November 1, 2017: Continued…

After a picturesque cruise into the sights and sounds of Xochimilco, we met up with the tour operator and a few others from the ‘tequila crew’, who had finally arrived to the boats.  We were a step ahead of them, and not willing to waste precious time, so we said our greetings, and hopped on the empty bus to catch a ride to a nearby cemetery called Panteón Jilotepec.   This particular cemetery was the perfect place to be, open 24 hours during the festival, a graveyard where many of the Royal Families of Mexico are buried.

Before I dive into my experience in the cemetery, let me give you a brief history into the meaning of Dia de los Muertos.  Day of the Dead is a long-standing Aztec tradition to celebrate, rather than mourn, dead family members.  Much before the European conquest, the Aztecs buried their loved ones in the kitchen floors in order to keep the dead a part of their family.  The Aztecs made alters, called ofrendas, to welcome the souls of the dead back into their homes to reunite with the living.  They used these ofrendas to provide the deceased with the elements of nature, and used flowers to light the path for them to follow.  (You will see many orange flowers called Cempasuchil in my photos, these brightly colored orange/yellow flowers have a strong aroma which is said to attract the spirits, helping them find their way to their loved ones) The elements offered to the dead are water, fire, (smoke from incense to connect to spiritual world and harmonize with nature) earth ( fruits, food) and wind (paper). Photographs are placed on alters to dedicate relatives, and plenty of food and drink the deceased enjoyed are left on their burial site so they can rejoice when they visit.  A common site on the tombstones are tequila, beer,coke, bread and cigarettes.

“The life of the dead is placed in the memory of the living.” — Marcus Tullius Cicero

This quote says it all…As we entered the cemetery we walked into a lively scene, a commemorative wonderland if you will; filled with the sounds of mariachi music, light filled vigils, savory aromas of food from families and vendors, brightly colored flowers, tequila, smiles, painted faces, animated costumes, laughs and offerings for the departed.  I had no expectations walking in, but this exceeded any thought I had in my mind.
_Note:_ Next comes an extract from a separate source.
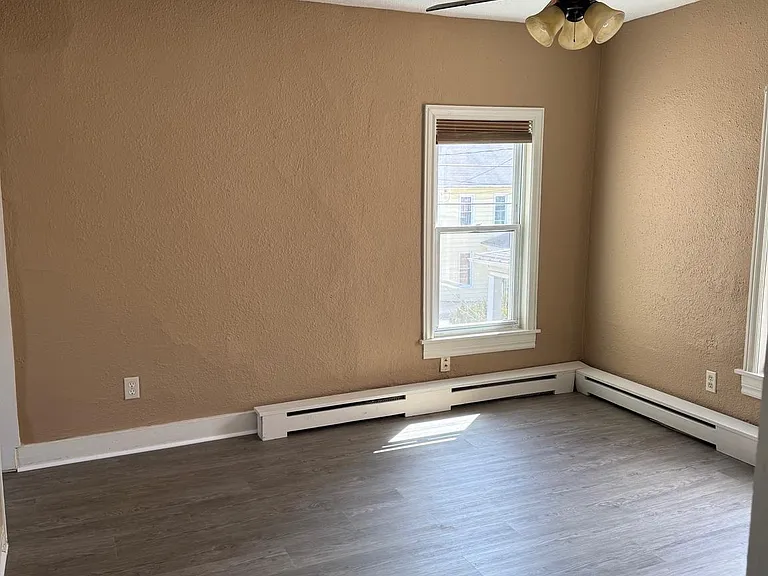 21 W Maple St #2 — Photo 7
Walking around the tombstones we were greeted by a family who welcomed us in as their own.  Jorge and Ericka were at the cemetery to rejoice in the life of their grandfather with their entire family; cousins, brothers, sisters, and children.  As soon as we began talking we were greeted with shots of tequila and conversation.  As much as I was intrigued by them, they were intrigued by my curiousity.  We took pictures, we laughed, we drank, and we enjoyed each other’s company.  After spending about an hour with this fun-loving family, we were filled with tequila, stories, and an upbeat experience.  It was time to grab some food and continue our adventures around the cemetery.

This was not the only family that gave us such a warm greeting and welcomed us into their celebrations, we stayed in the cemetery for over five hours, talking with many families, and spending an extended time with three other families.

The second family we encountered had a different way of celebrating.  They removed themselves from all of the noise and festivities to embrace the tradition in their own more personal way.  They sat inside a mausoleum, drinking and chatting quietly among themselves.  The mausoleum was particularly beautiful and I could not resist asking if it was ok to photograph the moment.  We were welcomed warmly and invited to come inside to talk and, of course, drink some tequila with them.  This was a particular somber moment for me, knowing that each family celebrated in their own way, but most were pleased to embrace the intrusion of foreigners.

Our next encounter was a few younger kids outside, having a few beers and talking around a fire they made in front of their grandfathers tomb. This impressed me because it showed how these traditions hold strong in the minds of the young and old.  It was humbling to be able to speak to such a variety of ages about the culture and traditions, and to feel and hear how important this celebration was to them.

The last lengthy encounter we had was with a lively bunch with a private mariachi band, a microphone, and a great deal of singing.  They were immersed in the festival with upbeat spirits and more tequila than one could ever dream of.  At that time, it was into the morning hours, but we attempted to sing and be a part of their graveside party.

After all of this fun, we could see the sun was starting to rise, and it was time to head home.  My head was clouded with tequila, but also filled with all the information I took in and all the beauty I experienced. My heart was filled with joy and warmth from the abundance of love we were shown as ‘outsiders’ to the tradition.  I couldn’t have asked for a better experience.  I recommend this celebration to ANY and ALL who have an interest in Dia de los Muertos!